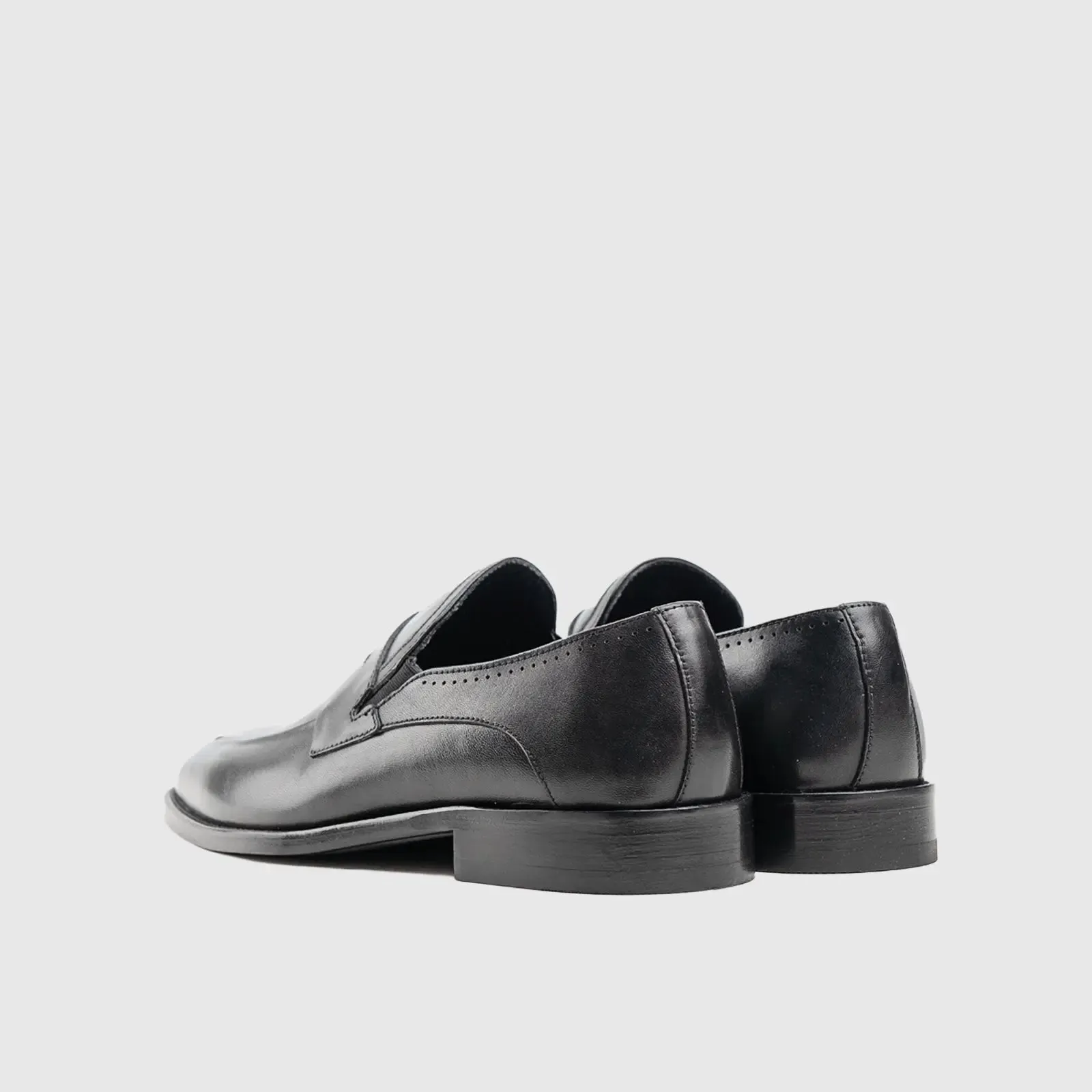 Florsheim Nixar Dress Slip Ons Black 644/001 Slip Tennis Shoes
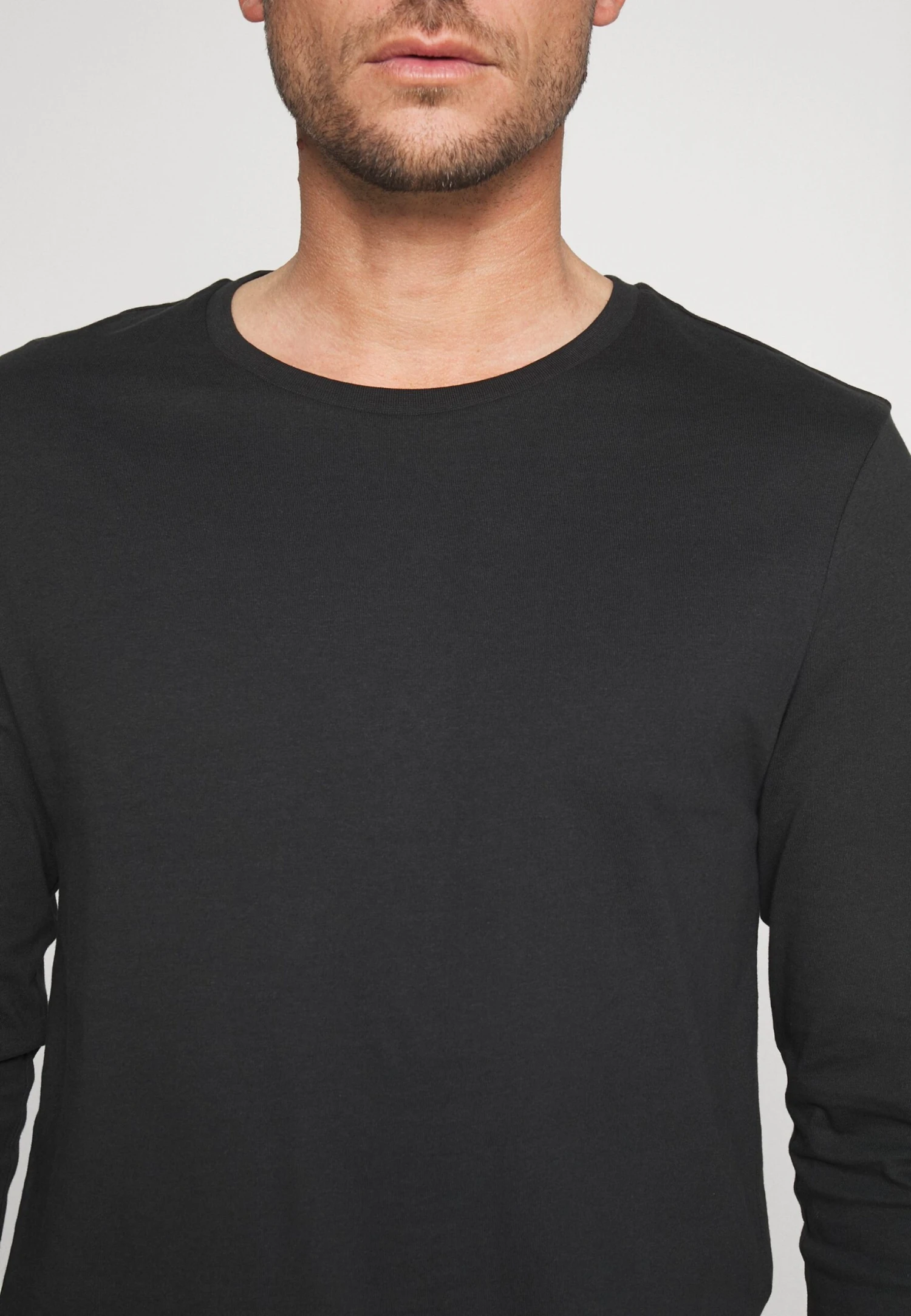 Pier One2 PACK - Långärmad Tröja - White/black 9 Pier One2 PACK - Långärmad Tröja - White/black - Bild 7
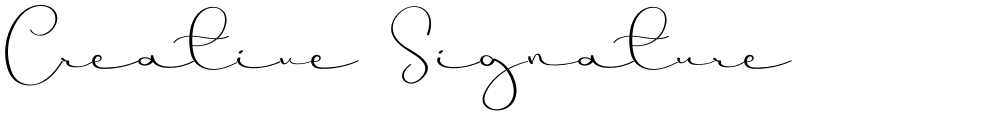 Creative Signature
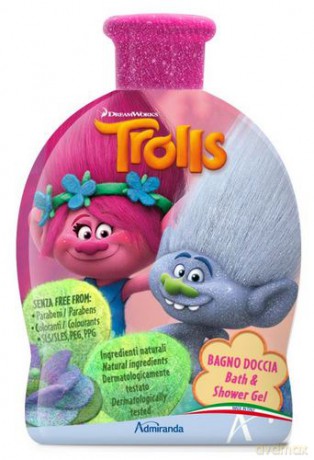 Trolls Żel pod prysznic i do kąpieli 300 ml
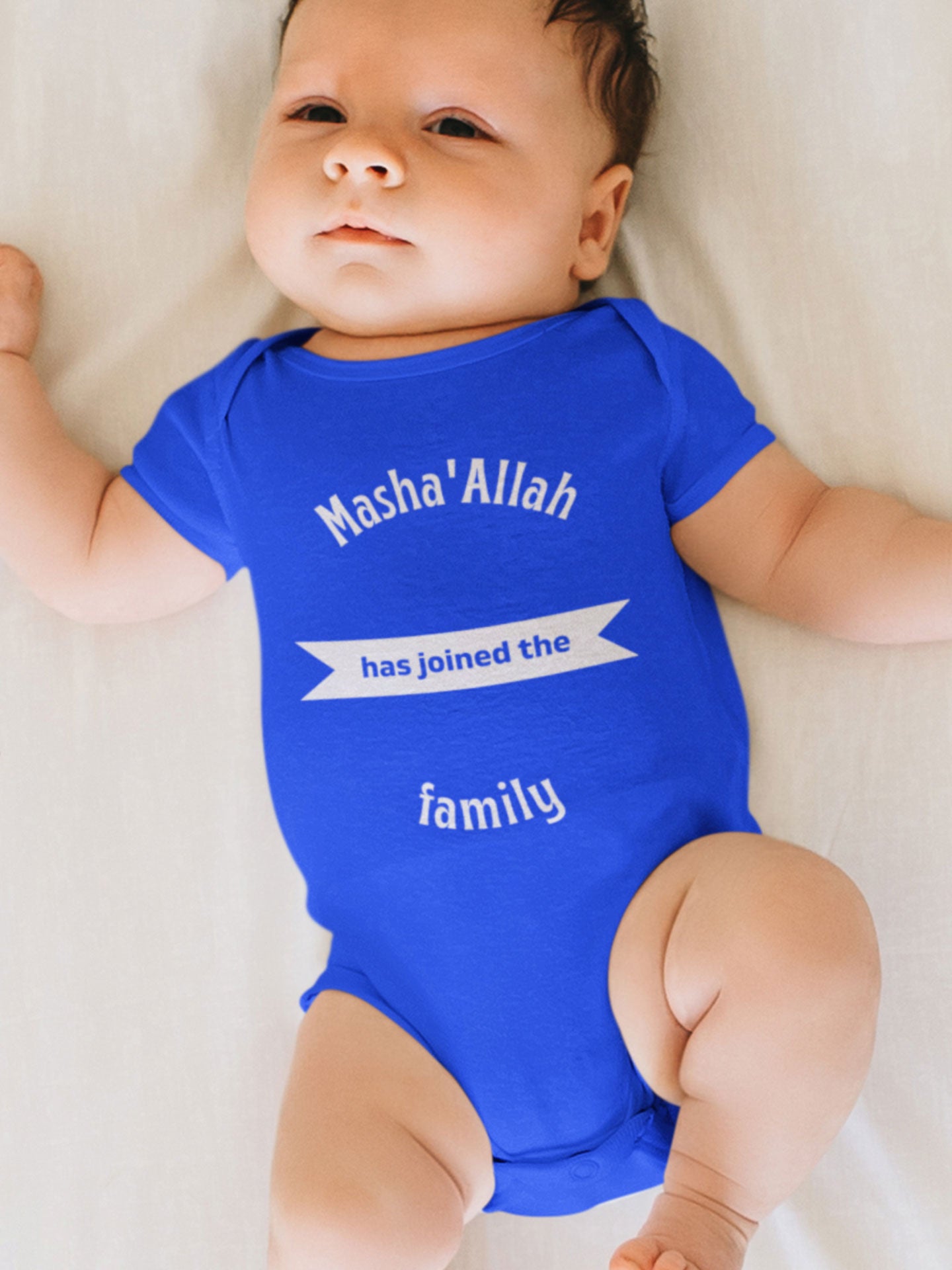 Personalised – Masha’Allah X has joined the X family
--------
Repeat all the data as it stands, dropping any images it holds.

 Florsheim Nixar Dress Slip Ons Black 644/001 Slip Tennis Shoes
 Pier One2 PACK - Långärmad Tröja - White/black 9 Pier One2 PACK - Långärmad Tröja - White/black - Bild 7
 Creative Signature
 Trolls Żel pod prysznic i do kąpieli 300 ml
 Personalised – Masha’Allah X has joined the X family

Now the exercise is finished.